Jellyfish in The Mediterranean

Floats Like a Butterfly, Stings Like a Bee

No, this is not a legendary tale of Muhammad Ali who quoted his own style of boxing. Instead let’s talk about a creature of the sea that floats effortlessly with the tides with the grace of a ballet dancer. Just like a theatre production returns to major cities each year to perform for their audiences, the common jellyfish returns to the waters of the Mediterranean each year with less likely positive reviews. 

Understanding a little bit more about the jellyfish just might help you appreciate these ocean dwellers that have been around for 650 million years.
To date, there are about 1000-1500 different known species of jellyfish worldwide. They get their name from their physical makeup which is 90-95% water. The other percentage is made from salts and proteins. Typically, they can live anywhere between a few months to 3 years, but there are some that have a longer life span through regeneration and rejuvenation. 

How do jellyfish swarms come about? 

Jellyfish swarms or blooms consist of large numbers of jellyfish which may exhibit sudden outbreaks from time to time. Annually, the Mediterranean experiences blooms of different specials as the waters warm and the water currents carry them in. See, Jellyfish don’t actually swim, but instead move with the currents. As members of the plankton family, some jellyfish can use pulsating movements to control vertical movements but mainly can’t dictate their position against prevailing currents.
Some scientists believe that factors of jellyfish blooms are more likely due the demise of the sea turtle population in the Mediterranean as well as warmer waters due to climate change. 

It may well be that the recent observed increases in jellyfish numbers are simply part of natural life cycles. 

There are no jellyfish which are restricted to the Mediterranean but there are jellyfish species which are very common in the Mediterranean Sea. These include the mauve stinger and the fried egg jellyfish.  

The Mediterranean is additionally being colonized by alien jellyfish species coming in through the Suez Canal, mostly from the warmer waters of the Indian and the Pacific Ocean. Examples include the upside-down jellyfish, the nomadic jellyfish and the Australian spotted jellyfish.  

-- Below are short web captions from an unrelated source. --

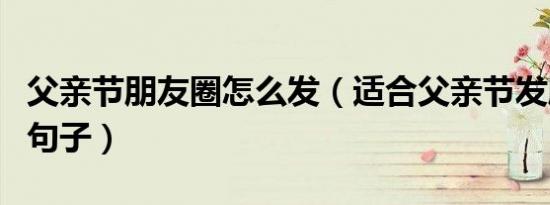 父亲节朋友圈怎么发（适合父亲节发朋友圈的句子）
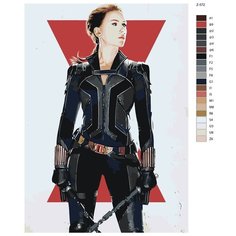 Картина по номерам Z-572 "Скарлетт Йоханссон. Черная вдова" 60x90 Brushes Paints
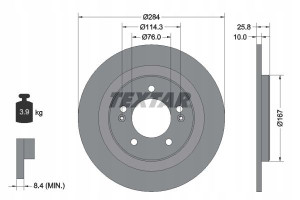 TEXTAR 92252703 Tarcza hamulcowa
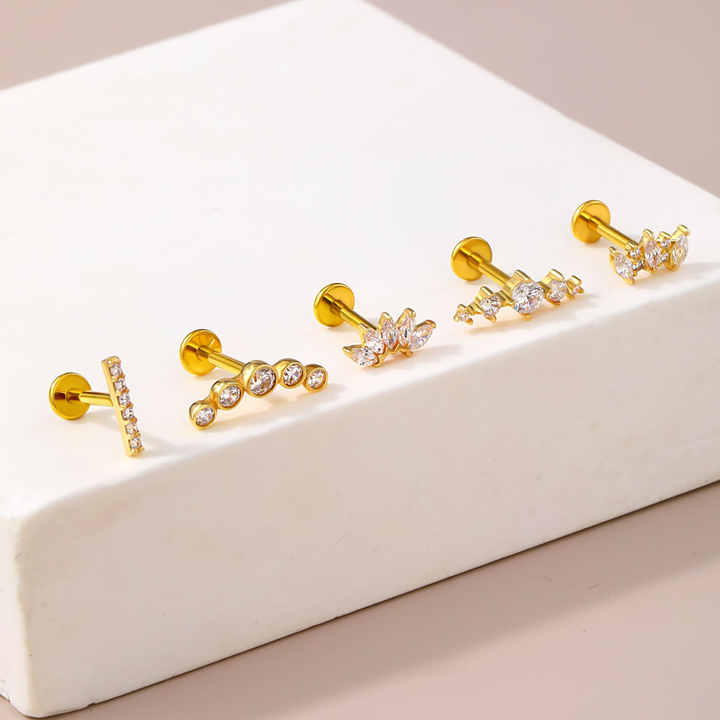 Custom Labret Piercing Unique Jewelry Gold Zircon Lip Stud Set ...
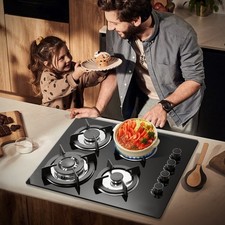 60CM Gaskochfeld Glas Einbau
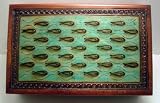 School of Fish Handmade Linden Wood Polish Jewelry Keepsake Box Sign of the Fish or Jesus Fish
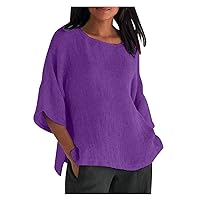 Plus Size Cotton Linen Tops for Womens 3/4 Sleeve Drop Shoulder Oversized Blouses Summer Boat Neck Casual Side Split Shirts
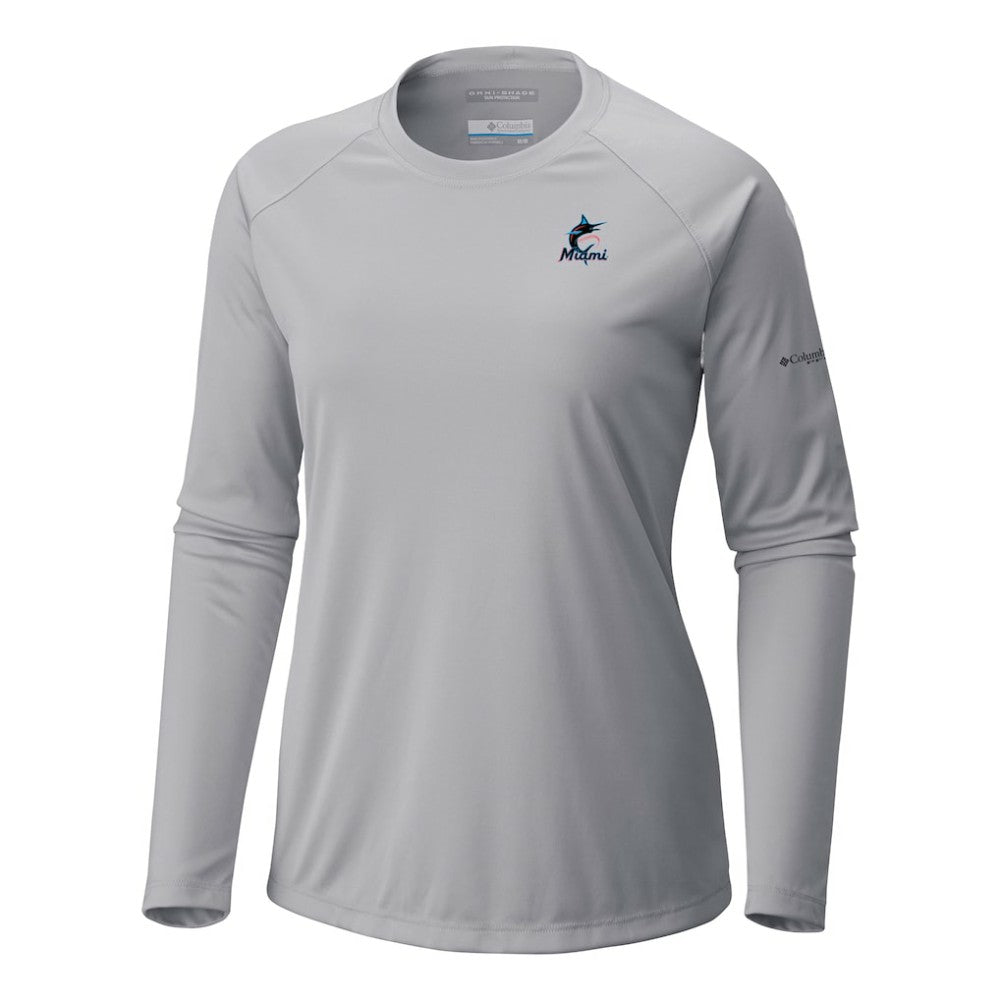 Miami Marlins Columbia Tidal Tee II Long Sleeve T-Shirt - MLB T-shirts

Understanding  Jellyfish Risk? 

One of the first misconceptions is that ALL jellyfish sting. The fact is that many jellyfish do not sting.
The breeds that do sting are known as stingers and typically use their stinging cells known as cnidocytes to capture prey or for self protections from predators.

In cases where humans get stung, it may be through accidental contact or mistaken identity as prey. Venom is injected into the bather’s skin with levels of moderate discomfort to sever pain or even lethal from the Australian sea wasp. ]

JellyFish in The Maltese Islands

Jellyfish seem to make their way back each year in the Maltese Island between April and September. Many will get eaten by fish, molluscs, and seabirds.
Right now, there is bloom occurring of the most common known as mauve stinger which gets its’ name from their pink/mauve colour . The sting comes from the dangling tentacles that streams from their bodies and can cause what some describe as a highly irritating sting. Some reactions may include a burning sensation, intense pain, inflammation and red skin rashes. 

How to Treat Jellyfish Stings?

Avoid the old wives tale that urinating on a jellyfish sting is the best way to relieve the pain. This simply is not true. 

Instead, follow these practical proven relief methods. 

  • Soak the infected area in sea water (Do not use fresh water as it may instigate a higher toxin release). 
  • Do not rub the affected area. 
  • If available, apply a mixture of seawater and baking soda (1:1 ratio) for two minutes. This will stop any further release of venom from the stinging cells left on the skin. 
  • Use a plastic credit card to remove any residual tentacles and excess baking soda mixture 
  • Apply cold packs for 5-15 minutes. For example, use a bag of ice or even cold drink wrapped in a cloth 
  • Assess the degree of pain and reapply cold pack if required for further 5 minutes. 
  • If pain persists, consult a doctor or pharmacist who should prescribe painkillers and/or anti-inflammatory creams e.g. 3-4% Lidocaine and Hydro cortisone. 
  • DO NOT wrap in bandages nor use vinegar, fresh water, alcohol and ammonia, all of which can aggravate the situation further. 

NOTE: Jellyfish washed ashore may appear dead, but can still inflict a sting. Be prudent. 

If you visit the Maltese Islands, there are several Spot The Jellyfish Warning Signs with identifications of species known to area, treatment methods, and sighting report information and contact details.